The Poisson distribution is appropriate to use if the following four assumptions are met:
Assumption 1: The number of events can be counted.
We assume that the number of “events” that can occur during a given time interval can be counted and can take on the values of 0, 1, 2, 3, … etc.
Assumption 2: The occurrence of events are independent.
We assume that the occurrence of one event does not affect the probability that another event will occur.
Assumption 3: The average rate at which events occur can be calculated.
We assume that the average rate at which events occur during a given time interval can be calculated and that it is constant over each sub-interval.
Assumption 4: Two events cannot occur at exactly the same instant in time.
We assume that at each extremely small sub-interval exactly one event occurs or does not occur.

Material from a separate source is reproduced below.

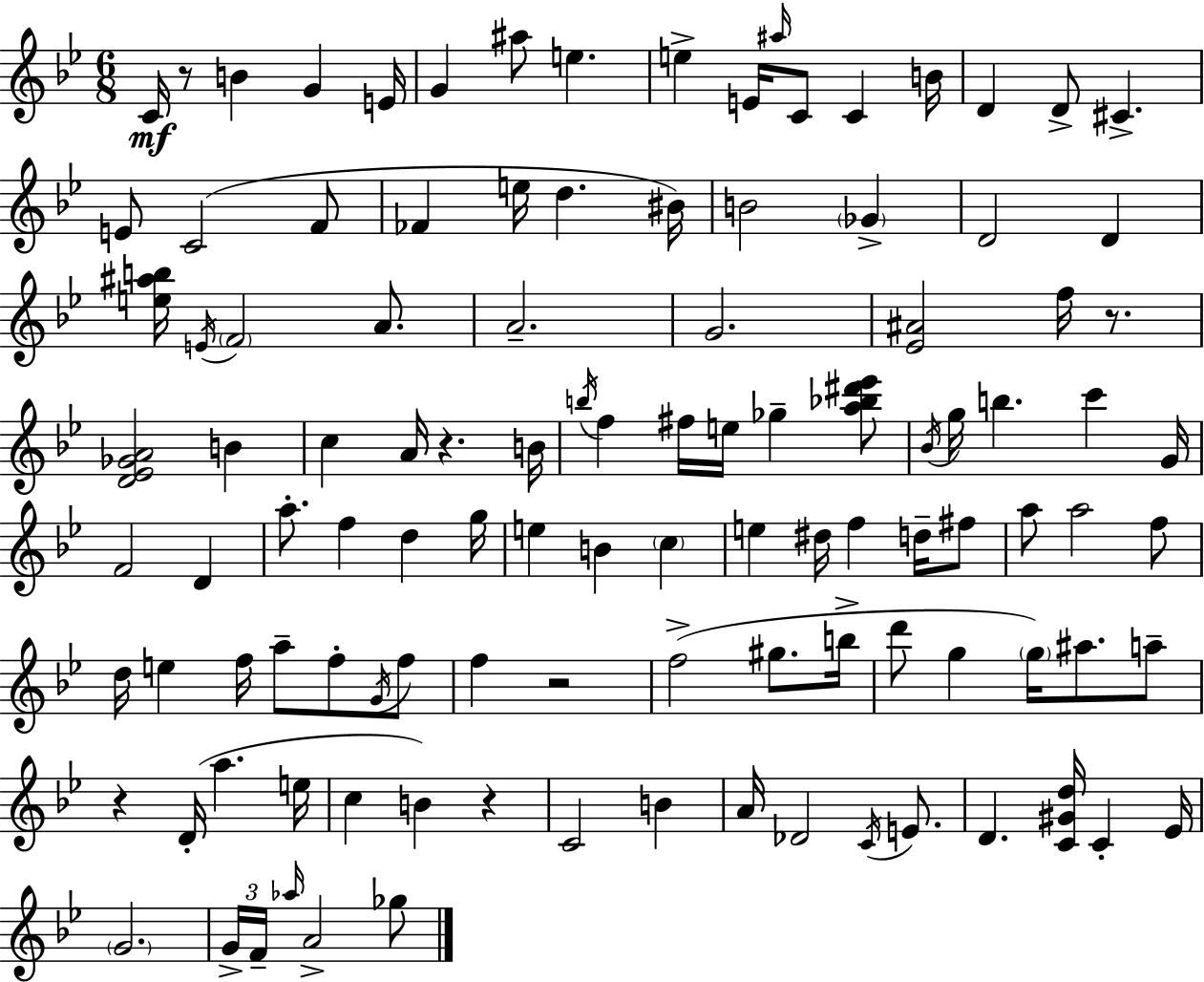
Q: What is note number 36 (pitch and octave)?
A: A4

The following examples show various scenarios that meet the assumptions of a Poisson distribution.
Example 1: Number of Arrivals at a Restaurant
The number of customers that arrive at a restaurant each day can be modeled using a Poisson distribution.
This scenario meets each of the assumptions of a Poisson distribution:
Assumption 1: The number of events can be counted.
The number of customers that arrive at a restaurant each day can be counted (e.g. 200 customers).
Assumption 2: The occurrence of events are independent.
Assumption 3: The average rate at which events occur can be calculated.
We can easily collect data on the average number of customers that enter the restaurant each day.
Assumption 4: Two events cannot occur at exactly the same instant in time.
Two customers cannot technically enter a restaurant at exactly the same moment in time.
Example 2: Number of Network Failures per Week
The number of network failures that a tech company experiences each week can be modeled using a Poisson distribution.
This scenario meets each of the assumptions of a Poisson distribution:
Assumption 1: The number of events can be counted.
The number of network failures each week can be counted (e.g. 3 network failures).
Assumption 2: The occurrence of events are independent.
It’s assumed that the occurrence of one network failure does not affect the probability that another network failure will occur.
Assumption 3: The average rate at which events occur can be calculated.
We can easily collect data on the average number of network failures that occur each week.
Assumption 4: Two events cannot occur at exactly the same instant in time.
Two network failures cannot occur at the exact same moment in time – only one network failure can occur at once.